• by Sean Hargrave , Staff Writer, February 4, 2019

Google has already received a 50m Euro fine from CNIL, France's data watchdog, for a complicated privacy policy that it believes contravenes GDPR. Today, news is breaking that the ICO in London is also investigating a rise in the number of privacy complaints against Google since GDPR became law. It has said this spike could be due to people now having a better awareness of privacy since last May's change in the law.

The watchdog has confirmed it is liaising with other privacy regulators across the EU to discuss "possible next steps."

As the widespread reporting of the previous massive fine from Paris, which Google has already said it will contest, seems to centre on a highly complicated privacy policy that cannot be understood and, reports suggest, is spread across different pages.

There have even been reports of assumed opt-in in parts of the policy that seem very odd, if it is proven correct, considering it was a basic concept of GDPR that all consent needed to be given by clear action from a consumer.

This morning's Telegraph article also hints at the big faux pas I immediately thought Google had made -- and perhaps others have too -- but for now we're on the subject of Google.

The day after GDPR became law nearly nine months ago, there were instant reports that consent was being forced. It was all a case of take it or leave it.

That was certainly how I felt when consenting to Google. I must say Facebook kind of gave me the same feeling too, although if I were a privacy black belt I may have been able to plough through the privacy notice to get more control.

On first inspection, and let's stick with the case in hand, Google just seemed to be saying, accept this or go away. It's was a "my way or the highway" type of consent. There was no clearly visible means of understanding decisions and working out what the service would have been like with or without giving consent to different aspects of its service.

The ICO's guidance that brands should be "granular," "clear" and "concise" seems to not have been followed as well as it might have been. It is also difficult to find how consent can be withdrawn after it has been granted -- another major point with GDPR.

Another part of the spirit of GDPR, and I'm pretty sure it was the letter of the law too, is that people shouldn't be punished in any way for not giving consent.
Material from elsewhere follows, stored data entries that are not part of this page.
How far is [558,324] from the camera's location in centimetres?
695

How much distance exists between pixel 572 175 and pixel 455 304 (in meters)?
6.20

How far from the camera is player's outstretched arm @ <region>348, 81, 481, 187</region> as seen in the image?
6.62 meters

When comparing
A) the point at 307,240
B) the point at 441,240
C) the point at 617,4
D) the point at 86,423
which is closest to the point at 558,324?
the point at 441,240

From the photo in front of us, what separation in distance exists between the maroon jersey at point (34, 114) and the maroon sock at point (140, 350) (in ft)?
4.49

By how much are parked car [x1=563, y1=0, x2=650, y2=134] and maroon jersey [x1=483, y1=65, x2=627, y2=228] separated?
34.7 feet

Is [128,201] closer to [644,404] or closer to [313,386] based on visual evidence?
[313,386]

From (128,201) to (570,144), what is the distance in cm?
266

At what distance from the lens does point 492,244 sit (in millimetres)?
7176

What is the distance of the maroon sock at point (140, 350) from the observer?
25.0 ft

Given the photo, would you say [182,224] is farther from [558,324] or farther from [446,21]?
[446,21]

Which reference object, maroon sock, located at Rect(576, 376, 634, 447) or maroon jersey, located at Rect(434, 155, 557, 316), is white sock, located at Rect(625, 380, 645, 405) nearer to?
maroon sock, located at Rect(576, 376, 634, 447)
This is an area that privacy watchdogs will have to look at.

Was there a way Google could have not lumped consent together and make it appear like it was being forced upon people? Could it have been unpicked so people could give consent to ensure they continue watching YouTube and enjoying Gmail, for example, without handing over every aspect of consent though clicking "ok" once?

It will take a lot of unravelling for someone to get in there and unpick how Google's new privacy works. 
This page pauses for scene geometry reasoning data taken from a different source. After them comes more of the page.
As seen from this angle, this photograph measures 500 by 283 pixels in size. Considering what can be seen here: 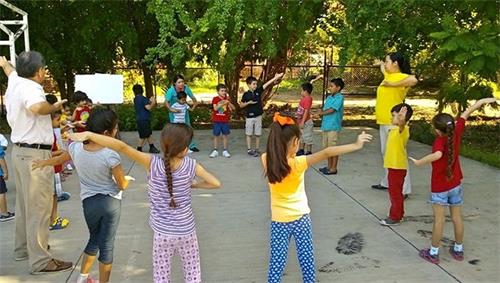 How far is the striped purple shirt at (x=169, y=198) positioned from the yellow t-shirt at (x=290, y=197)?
0.63 m

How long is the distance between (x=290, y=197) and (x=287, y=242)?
1.05 ft

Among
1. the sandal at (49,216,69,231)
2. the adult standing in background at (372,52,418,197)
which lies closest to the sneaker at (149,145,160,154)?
the sandal at (49,216,69,231)

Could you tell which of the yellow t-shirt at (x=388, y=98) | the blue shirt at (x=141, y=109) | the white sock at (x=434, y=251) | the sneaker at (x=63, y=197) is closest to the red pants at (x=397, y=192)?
the white sock at (x=434, y=251)

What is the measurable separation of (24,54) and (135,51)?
9387mm

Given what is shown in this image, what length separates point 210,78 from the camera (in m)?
19.7

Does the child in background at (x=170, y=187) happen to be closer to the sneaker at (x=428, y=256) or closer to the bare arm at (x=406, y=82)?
the sneaker at (x=428, y=256)

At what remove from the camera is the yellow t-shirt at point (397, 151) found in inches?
209

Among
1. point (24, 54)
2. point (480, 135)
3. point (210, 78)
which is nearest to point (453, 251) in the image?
point (24, 54)

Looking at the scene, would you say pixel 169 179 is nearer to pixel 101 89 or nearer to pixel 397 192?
pixel 397 192

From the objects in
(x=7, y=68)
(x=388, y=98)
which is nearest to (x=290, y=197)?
(x=7, y=68)

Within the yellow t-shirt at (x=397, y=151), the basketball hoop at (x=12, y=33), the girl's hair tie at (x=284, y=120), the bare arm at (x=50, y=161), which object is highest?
the basketball hoop at (x=12, y=33)

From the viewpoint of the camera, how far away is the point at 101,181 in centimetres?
356

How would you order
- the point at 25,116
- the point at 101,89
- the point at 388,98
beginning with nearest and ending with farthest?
the point at 25,116 → the point at 388,98 → the point at 101,89

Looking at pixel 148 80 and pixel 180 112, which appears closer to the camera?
pixel 180 112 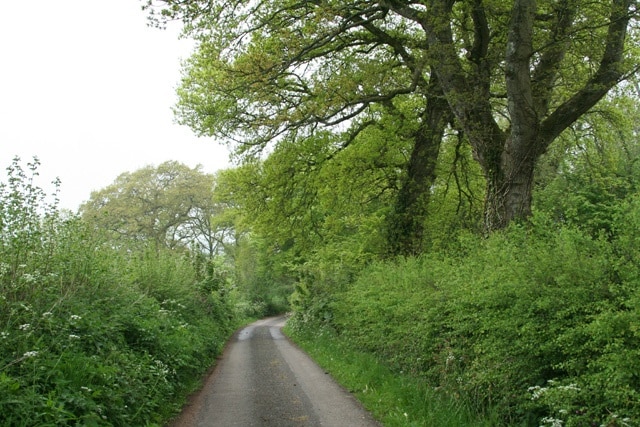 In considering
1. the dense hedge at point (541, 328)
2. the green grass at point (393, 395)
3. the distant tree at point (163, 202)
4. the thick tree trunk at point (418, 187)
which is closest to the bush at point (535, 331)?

The bad news for Google is that this is now happening, and not in Ireland where it is based, but instead the multiple countries where its services operate across the EU.

The ICO has revealed that it is talking with other regulators across the EU -- and that cannot be welcome news for Google. It already has a massive pair of fines from the European Commission totalling 6.7bn Euros for anti-competitive behaviour and now faces the 50m Euros fine from CNIL being repeated in London and beyond.